_TASK_:
Down to the last line below, write out every line exactly, starting with the one that contains "Dolce & Gabbana" and leaving out the pictures.

-- SUPPLIED INFORMATION follows --

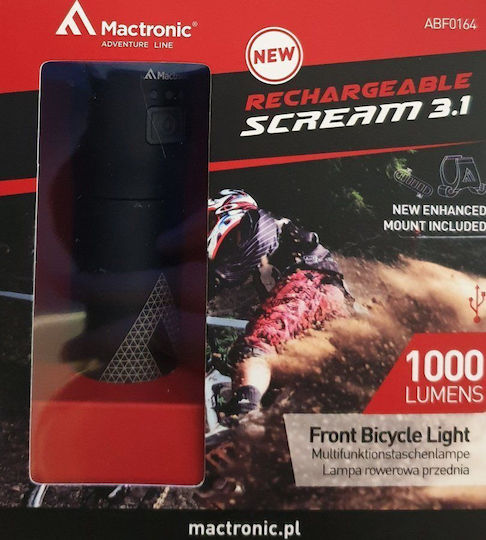 Mactronic ABF0164 Rechargeable Front Bicycle Light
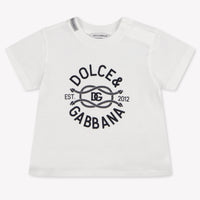 Dolce & Gabbana bebe Chicos Camiseta adentro Blanco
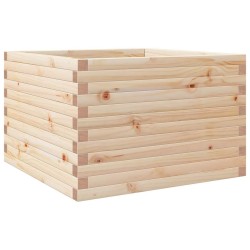 Jardinière 70x70x46 cm bois de pin massif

-- SUPPLIED INFORMATION concluded --

_SOLUTION TO THE EXERCISE_:
 Dolce & Gabbana bebe Chicos Camiseta adentro Blanco
 Jardinière 70x70x46 cm bois de pin massif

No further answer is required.